Entre o Colectivo Osso, que inaugurou a longa jornada, e os Alfons Slik, que lhe colocaram um quase ponto-final (houve ainda ligar à apresentação dos alunos da ESMAE e à jam session onde brilhou um sempre certeiro Mané Fernandes na guitarra), houve espaço para mais quatro concertos. 

Os portugueses Umbral desceram ao sub-palco, de alvas e irónicas vestes (não tão irónicas quanto o modelo death metal da guitarra escolhida pelo compositor de serviço) para mostrarem o álbum de que se falou por aqui: Catarina Lacerda como narradora, João Pedro Brandão na flauta e saxofone, Nuno Trocado na tal guitarra comprada a uma banda nórdica, Sérgio Tavares no contrabaixo, Acácio Salero na bateria, Pedro Pires Cabral no theremin e samples a darem enquadramento musical aos textos de Jorge Louraço Figueira, uma espécie de realismo mágico versão tuga que assombra tanto quanto encanta. Algum peso rock em determinados momentos que levou até uma menina a dançar e o ar de banda sonora de filme independente à espera de ser rodado em Trás-os-Montes caracterizaram esta belíssima apresentação que encerrou o primeiro bloco.

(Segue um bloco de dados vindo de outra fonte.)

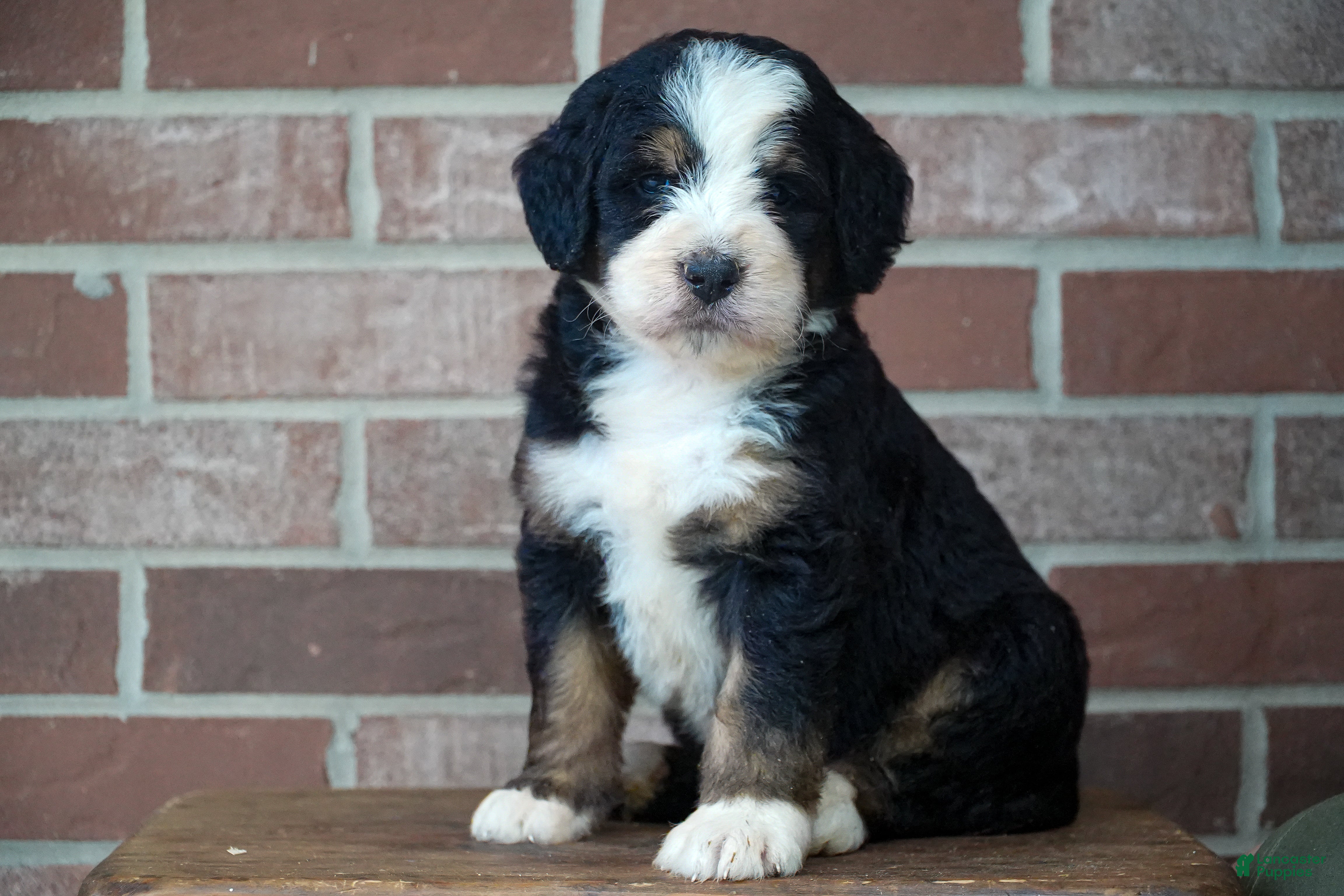 Bernedoodle dogs Belle - Ad 1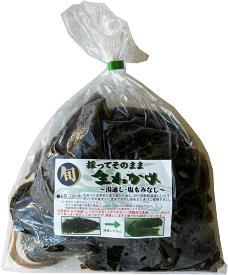 ＼期間限定／【石巻十三浜産】採ってそのまま生わかめ500g【冷蔵】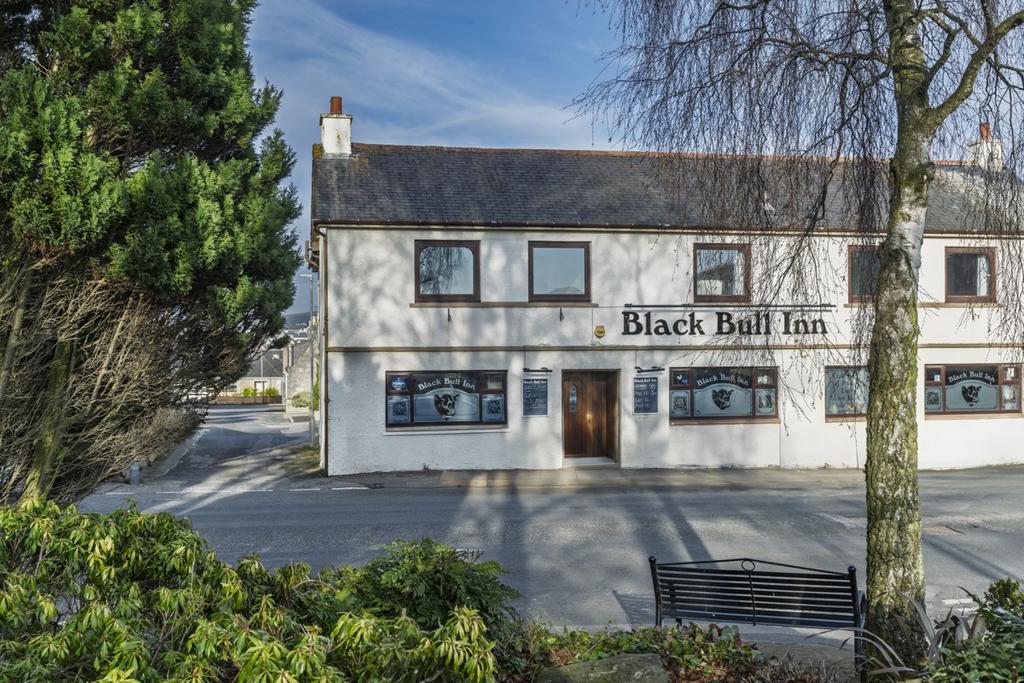 Black Bull 242-HDRv2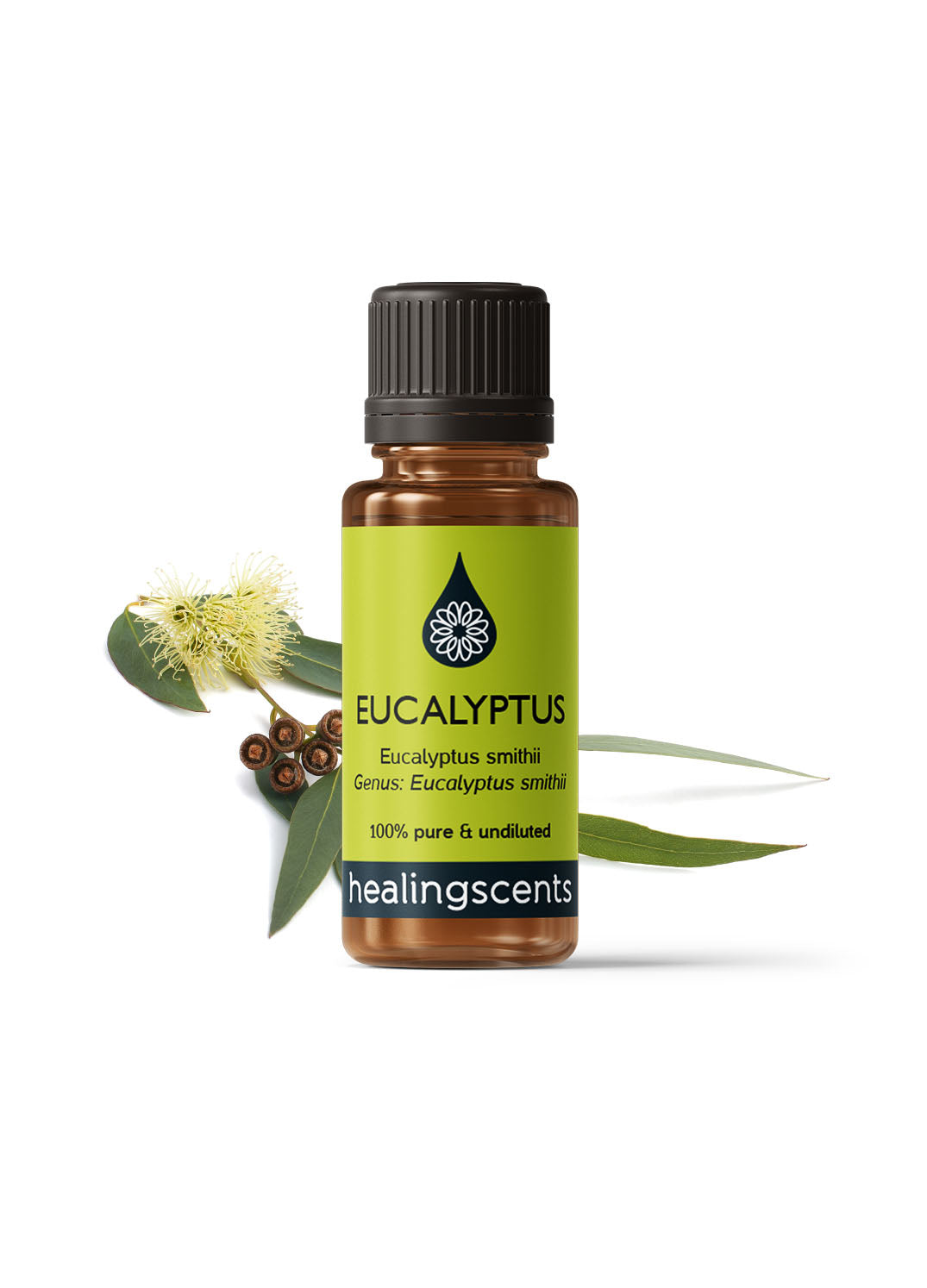 Eucalyptus Smithii Certified Organic Essential Oil Essential Oils Healingscents   
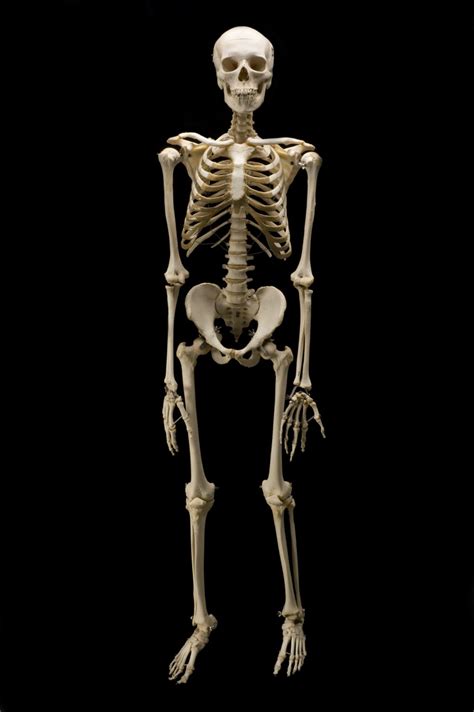 Real Bones Of The Body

A segunda etapa da tal maratona preencheu o pequeno auditório: em primeiro lugar o trio lituano-norueguês do saxofonista Ludas Mockunas (em soprano, sopranino e clarinete), do pianista e acordeonista Arnas Mikalkenas e do nórdico baterista Hakon Berre. Nesta apresentação que tanto se acercou de uma certa tradição erudita de câmara europeia ficou também patente um eixo estético do festival que parece, acidental ou propositadamente, acolher projectos que têm essa dimensão. Para os ouvidos de quem aqui escreve, a coisa soou um pouco estéril ou formulaica, mas o público não regateou aplausos e isso é que realmente interessa.

Bem mais interessante foi o concerto do trio do guitarrista Eurico Costa que trouxe ao palco o seu trabalho Copal em que se integram ainda os talentosos Demian Cabaud no contrabaixo e Marcos Cavaleiro na bateria. Ver e escutar o guitarrismo de Eurico Costa em acção é um absoluto privilégio: não é frequente ver tamanha técnica temperada com alma funda, equilibrando numa corda bamba de requinte ecos de flamenco e bossa nova como quem não teme o abismo. A palavra certa para isto é “classe”.

Falta mencionar a “encomenda” do festival ao jovem pianista e compositor Miguel Meirinhos que recrutou Ricardo Formoso (trompete), o britânico John Schofield (saxofone alto), João Fragoso (contrabaixo) e João Cardita (bateria). E sobre este espectáculo uma conclusão: muito curioso como até aqui, os mais jovens músicos, que são também aqueles que ainda se encontram mais próximos dos cânones académicos, parecem ser bem menos aventureiros do que os seus mais experimentados companheiros de festival. Composições escorreitas, mas sem risco, elegantes e correctas, mas sem surpresa, executadas por jovens músicos que, francamente, parecem mais preocupados em não “errar” perante plateias em que sabem encontrar-se veteranos que admiram do que em tentar esquecer tudo o que aprenderam em favor de inventar novas formas de estar. Lá chegarão, certamente!